As a child, I saw my grandmother take black tea and bread during Lent. She was a severe observer! The elders of the family said Lent was a time to give up comfort food. And so I remember going off things like chocolate, offering up my sweet tooth’s burning desire as a sacrifice to God.
Later, in my mid-teens, the idea was floated about doing something positive for Lent – like offering extra time to help my parents. Like others at that time, I was expected to attend morning Mass during the week. The Second Vatican Council had not yet taken place and evening Mass was unheard of.
Nowadays, the person of Jesus is offered to us at the beginning of Lent as he emerges from the wilderness and Satan’s tempting. “The kingdom of God is close at hand; repent and believe the good news”.
These were Jesus’ first words to the world – words overflowing with meaning and symbolism. They speak to us today, summing up the gospel and the whole Christian life. They summon all who hear them to arise from slumber, and listen.
JS Bach’s “Wachet Auf” (Sleepers Awake, the Voice is Calling) is one of his most mature and popular sacred Cantatas, and is capable of disposing us to be led by the Spirit that drove Jesus. Its varied movements help us pause and ponder Jesus being ‘tempted by Satan’, and ‘looked after by angels’.

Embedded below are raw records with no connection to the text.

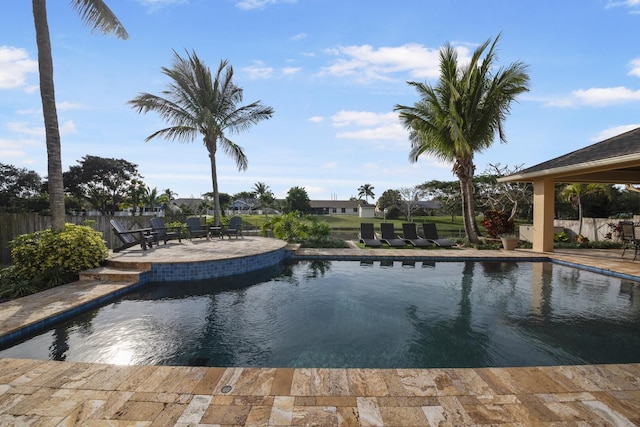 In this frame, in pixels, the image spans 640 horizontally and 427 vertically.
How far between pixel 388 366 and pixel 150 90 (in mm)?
16129

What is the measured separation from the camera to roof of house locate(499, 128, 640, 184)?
8.56 meters

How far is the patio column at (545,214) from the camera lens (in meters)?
11.7

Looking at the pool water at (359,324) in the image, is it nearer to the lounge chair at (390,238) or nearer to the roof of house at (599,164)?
the roof of house at (599,164)

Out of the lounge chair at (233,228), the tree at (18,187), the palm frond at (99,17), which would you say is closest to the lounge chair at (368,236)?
the lounge chair at (233,228)

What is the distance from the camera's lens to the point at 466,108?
13.4m

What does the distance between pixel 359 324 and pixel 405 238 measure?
9303mm

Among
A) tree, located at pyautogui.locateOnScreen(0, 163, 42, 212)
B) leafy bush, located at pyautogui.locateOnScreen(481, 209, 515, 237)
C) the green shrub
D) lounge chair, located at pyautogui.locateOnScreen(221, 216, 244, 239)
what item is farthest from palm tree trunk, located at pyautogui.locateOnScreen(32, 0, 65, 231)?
tree, located at pyautogui.locateOnScreen(0, 163, 42, 212)

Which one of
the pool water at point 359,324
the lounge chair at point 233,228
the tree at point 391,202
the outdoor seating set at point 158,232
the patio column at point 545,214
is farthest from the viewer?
the tree at point 391,202

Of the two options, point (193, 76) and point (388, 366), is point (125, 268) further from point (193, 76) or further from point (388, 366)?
point (193, 76)

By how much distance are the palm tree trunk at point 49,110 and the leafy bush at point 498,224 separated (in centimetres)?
1520

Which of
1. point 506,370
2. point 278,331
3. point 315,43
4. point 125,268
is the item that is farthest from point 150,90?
point 506,370

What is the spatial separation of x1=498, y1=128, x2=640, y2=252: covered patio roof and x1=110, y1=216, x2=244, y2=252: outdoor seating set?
11797mm

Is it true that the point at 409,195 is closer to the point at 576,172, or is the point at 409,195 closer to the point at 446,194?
the point at 446,194

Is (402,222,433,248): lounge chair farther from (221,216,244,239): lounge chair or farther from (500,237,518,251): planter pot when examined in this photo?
(221,216,244,239): lounge chair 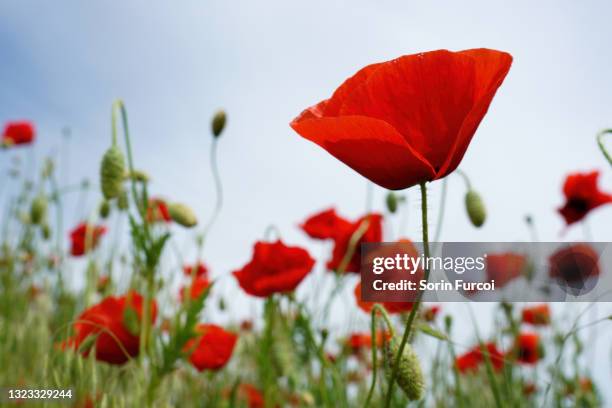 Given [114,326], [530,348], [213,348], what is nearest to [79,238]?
[213,348]

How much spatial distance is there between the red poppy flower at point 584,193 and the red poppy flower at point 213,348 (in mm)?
1423

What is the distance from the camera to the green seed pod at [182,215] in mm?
1305

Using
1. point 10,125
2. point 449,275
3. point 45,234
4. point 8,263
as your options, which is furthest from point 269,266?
point 10,125

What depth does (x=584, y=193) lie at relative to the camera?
7.02ft

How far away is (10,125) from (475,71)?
11.6 feet

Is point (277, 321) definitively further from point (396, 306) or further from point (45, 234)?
point (45, 234)

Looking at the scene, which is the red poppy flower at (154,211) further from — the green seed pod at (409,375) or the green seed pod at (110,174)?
the green seed pod at (409,375)

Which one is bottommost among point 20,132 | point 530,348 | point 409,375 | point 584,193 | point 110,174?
point 530,348

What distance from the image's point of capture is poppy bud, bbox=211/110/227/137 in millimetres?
1397

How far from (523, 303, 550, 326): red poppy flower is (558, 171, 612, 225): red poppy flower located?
44 centimetres

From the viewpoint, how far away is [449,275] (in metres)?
0.85

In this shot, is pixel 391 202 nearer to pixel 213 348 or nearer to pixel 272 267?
pixel 272 267

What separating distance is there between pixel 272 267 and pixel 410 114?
90 cm

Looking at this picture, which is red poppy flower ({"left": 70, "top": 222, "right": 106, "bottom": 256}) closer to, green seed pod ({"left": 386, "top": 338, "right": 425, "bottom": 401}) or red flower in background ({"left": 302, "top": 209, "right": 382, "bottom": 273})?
red flower in background ({"left": 302, "top": 209, "right": 382, "bottom": 273}) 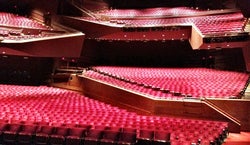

The Cantata can evoke in us an inner desert where we can listen quietly to the voice of God. It can enthuse us to clear away the debris that has accumulated within, and endow us with sharper ears to hear anew Jesus’ call to ‘repent and believe’.
Lent presents us with an annual opportunity to take stock of ourselves and to see, with cataract-free eyes, Jesus Christ and the kingdom he came to establish in our world.